Data items:
..........

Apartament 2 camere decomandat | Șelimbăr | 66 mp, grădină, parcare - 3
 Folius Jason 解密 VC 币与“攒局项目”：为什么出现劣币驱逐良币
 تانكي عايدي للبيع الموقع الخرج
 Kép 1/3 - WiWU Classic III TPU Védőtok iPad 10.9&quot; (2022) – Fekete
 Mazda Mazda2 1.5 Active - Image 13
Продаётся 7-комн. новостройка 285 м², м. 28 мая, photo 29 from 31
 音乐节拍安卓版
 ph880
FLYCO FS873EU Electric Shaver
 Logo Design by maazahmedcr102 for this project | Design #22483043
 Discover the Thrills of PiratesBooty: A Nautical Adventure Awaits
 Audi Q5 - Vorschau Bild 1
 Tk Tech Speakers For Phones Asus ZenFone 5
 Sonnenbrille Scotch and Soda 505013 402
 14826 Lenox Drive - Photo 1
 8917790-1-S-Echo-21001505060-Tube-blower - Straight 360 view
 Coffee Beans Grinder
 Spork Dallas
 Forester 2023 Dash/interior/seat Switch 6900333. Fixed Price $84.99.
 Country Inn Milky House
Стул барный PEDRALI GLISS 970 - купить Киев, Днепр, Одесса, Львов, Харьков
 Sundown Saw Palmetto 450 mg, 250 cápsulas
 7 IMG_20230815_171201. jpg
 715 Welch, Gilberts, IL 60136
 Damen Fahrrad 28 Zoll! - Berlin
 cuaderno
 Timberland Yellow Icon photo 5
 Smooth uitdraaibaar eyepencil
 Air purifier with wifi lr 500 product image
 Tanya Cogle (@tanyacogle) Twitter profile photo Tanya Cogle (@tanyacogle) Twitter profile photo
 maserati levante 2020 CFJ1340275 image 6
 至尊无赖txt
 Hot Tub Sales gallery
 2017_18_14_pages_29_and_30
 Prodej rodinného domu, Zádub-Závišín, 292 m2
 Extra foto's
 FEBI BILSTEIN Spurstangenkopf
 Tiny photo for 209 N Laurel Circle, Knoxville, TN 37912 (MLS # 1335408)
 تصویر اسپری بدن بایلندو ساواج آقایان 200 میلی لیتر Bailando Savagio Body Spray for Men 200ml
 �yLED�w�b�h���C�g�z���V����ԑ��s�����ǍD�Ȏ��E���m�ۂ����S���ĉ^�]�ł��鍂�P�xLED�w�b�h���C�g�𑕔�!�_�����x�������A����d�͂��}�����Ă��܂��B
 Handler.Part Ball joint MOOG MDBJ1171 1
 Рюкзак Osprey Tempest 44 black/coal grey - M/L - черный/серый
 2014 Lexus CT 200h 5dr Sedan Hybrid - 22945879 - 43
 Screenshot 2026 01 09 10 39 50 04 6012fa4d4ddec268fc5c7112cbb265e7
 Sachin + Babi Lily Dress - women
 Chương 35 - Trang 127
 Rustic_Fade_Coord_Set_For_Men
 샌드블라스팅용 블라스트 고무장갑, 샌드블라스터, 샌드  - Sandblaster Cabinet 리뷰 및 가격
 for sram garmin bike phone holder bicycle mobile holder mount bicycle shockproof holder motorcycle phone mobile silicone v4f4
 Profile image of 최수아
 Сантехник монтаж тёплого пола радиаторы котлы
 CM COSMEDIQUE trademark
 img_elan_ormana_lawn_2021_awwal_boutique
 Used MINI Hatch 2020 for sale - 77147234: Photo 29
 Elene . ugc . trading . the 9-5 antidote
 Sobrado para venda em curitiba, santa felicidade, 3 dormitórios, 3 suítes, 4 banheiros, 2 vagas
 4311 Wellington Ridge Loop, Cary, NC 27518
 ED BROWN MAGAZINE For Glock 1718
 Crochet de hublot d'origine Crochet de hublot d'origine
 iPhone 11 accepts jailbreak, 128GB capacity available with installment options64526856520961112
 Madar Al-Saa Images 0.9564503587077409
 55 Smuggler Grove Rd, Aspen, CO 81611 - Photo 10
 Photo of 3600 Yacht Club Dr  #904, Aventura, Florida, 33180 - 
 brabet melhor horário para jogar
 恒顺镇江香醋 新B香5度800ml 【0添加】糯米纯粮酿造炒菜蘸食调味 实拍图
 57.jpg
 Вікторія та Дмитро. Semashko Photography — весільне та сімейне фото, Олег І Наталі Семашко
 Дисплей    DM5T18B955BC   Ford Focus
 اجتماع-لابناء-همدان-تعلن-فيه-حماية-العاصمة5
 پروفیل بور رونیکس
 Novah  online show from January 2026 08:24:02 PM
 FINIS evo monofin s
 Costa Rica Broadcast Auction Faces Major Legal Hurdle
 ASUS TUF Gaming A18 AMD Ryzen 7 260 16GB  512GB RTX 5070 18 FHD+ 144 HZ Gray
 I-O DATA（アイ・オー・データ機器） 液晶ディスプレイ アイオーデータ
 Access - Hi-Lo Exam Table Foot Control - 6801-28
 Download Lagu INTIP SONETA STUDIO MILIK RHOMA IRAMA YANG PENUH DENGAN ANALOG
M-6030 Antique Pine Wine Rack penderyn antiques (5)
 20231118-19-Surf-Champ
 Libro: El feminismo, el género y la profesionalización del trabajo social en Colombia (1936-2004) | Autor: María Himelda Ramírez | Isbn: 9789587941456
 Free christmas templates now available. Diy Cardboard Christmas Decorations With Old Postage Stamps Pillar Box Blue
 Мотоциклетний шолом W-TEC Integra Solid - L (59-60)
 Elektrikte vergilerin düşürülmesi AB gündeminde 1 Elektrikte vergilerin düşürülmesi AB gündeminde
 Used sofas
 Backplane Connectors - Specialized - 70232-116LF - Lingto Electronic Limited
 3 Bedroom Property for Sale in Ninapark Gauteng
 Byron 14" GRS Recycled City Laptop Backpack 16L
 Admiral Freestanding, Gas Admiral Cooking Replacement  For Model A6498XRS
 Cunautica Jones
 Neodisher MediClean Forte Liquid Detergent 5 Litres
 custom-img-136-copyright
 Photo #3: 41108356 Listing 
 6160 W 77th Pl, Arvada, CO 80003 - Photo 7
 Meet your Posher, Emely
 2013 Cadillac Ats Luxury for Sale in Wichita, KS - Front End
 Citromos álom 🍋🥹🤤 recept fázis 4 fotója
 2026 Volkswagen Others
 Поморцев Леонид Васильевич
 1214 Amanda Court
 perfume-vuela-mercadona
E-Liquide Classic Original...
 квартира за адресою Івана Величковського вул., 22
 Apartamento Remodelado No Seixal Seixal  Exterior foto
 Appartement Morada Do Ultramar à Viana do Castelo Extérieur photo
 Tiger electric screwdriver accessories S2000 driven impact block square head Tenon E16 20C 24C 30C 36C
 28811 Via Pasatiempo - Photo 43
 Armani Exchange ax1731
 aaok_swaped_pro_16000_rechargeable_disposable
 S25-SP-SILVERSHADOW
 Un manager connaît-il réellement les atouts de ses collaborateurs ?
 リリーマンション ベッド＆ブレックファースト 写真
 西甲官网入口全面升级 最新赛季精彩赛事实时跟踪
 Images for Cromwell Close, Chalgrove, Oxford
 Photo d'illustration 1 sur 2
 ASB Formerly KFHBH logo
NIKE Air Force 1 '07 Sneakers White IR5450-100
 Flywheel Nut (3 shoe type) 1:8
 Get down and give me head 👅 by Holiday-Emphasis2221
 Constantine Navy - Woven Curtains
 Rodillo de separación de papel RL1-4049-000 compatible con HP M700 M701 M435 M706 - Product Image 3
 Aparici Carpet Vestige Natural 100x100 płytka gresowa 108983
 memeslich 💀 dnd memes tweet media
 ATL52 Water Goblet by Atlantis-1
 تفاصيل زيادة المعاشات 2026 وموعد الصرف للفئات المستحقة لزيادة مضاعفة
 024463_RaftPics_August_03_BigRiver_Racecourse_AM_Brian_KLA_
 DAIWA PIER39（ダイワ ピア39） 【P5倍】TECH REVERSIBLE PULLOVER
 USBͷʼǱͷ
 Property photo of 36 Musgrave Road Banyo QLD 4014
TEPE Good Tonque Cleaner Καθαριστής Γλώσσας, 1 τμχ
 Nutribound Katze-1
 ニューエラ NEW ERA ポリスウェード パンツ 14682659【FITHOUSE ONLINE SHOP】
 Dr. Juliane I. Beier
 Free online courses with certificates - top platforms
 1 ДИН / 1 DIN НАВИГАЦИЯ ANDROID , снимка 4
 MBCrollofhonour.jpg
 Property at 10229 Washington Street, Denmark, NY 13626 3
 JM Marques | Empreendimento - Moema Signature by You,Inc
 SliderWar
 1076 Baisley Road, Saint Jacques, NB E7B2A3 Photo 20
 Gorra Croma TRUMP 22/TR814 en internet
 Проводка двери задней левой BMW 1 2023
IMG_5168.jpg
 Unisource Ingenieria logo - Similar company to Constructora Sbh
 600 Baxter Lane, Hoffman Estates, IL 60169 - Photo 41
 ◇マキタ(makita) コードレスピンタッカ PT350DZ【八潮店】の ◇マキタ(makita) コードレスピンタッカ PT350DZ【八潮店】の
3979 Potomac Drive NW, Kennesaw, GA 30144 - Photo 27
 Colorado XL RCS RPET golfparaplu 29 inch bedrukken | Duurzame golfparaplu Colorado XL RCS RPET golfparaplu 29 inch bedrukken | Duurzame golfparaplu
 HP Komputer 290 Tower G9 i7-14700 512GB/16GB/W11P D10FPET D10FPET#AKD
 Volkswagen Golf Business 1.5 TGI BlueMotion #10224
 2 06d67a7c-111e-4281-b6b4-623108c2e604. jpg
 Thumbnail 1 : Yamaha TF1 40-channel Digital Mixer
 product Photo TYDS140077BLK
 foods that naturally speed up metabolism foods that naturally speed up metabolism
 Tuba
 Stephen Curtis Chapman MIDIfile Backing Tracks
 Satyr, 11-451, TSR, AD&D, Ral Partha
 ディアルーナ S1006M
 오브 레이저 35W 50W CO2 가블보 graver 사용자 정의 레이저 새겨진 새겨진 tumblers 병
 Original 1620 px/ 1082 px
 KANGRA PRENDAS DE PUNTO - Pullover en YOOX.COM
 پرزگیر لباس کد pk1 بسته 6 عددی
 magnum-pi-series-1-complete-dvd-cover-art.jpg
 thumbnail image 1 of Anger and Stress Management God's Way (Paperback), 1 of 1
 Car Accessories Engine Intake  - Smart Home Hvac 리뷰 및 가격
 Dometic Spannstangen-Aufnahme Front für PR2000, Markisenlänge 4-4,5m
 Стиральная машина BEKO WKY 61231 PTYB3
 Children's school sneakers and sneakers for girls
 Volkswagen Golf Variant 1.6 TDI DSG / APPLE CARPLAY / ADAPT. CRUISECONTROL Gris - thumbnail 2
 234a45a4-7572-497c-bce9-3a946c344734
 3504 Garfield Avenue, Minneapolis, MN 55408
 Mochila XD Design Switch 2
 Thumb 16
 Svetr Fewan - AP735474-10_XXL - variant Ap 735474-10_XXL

..........

TASK INSTRUCTIONS: Word for word, copy the line containing "Volkswagen Golf Variant" and each line after it to the end of the records, and nothing besides.

YOUR RESPONSE:
 Volkswagen Golf Variant 1.6 TDI DSG / APPLE CARPLAY / ADAPT. CRUISECONTROL Gris - thumbnail 2
 234a45a4-7572-497c-bce9-3a946c344734
 3504 Garfield Avenue, Minneapolis, MN 55408
 Mochila XD Design Switch 2
 Thumb 16
 Svetr Fewan - AP735474-10_XXL - variant Ap 735474-10_XXL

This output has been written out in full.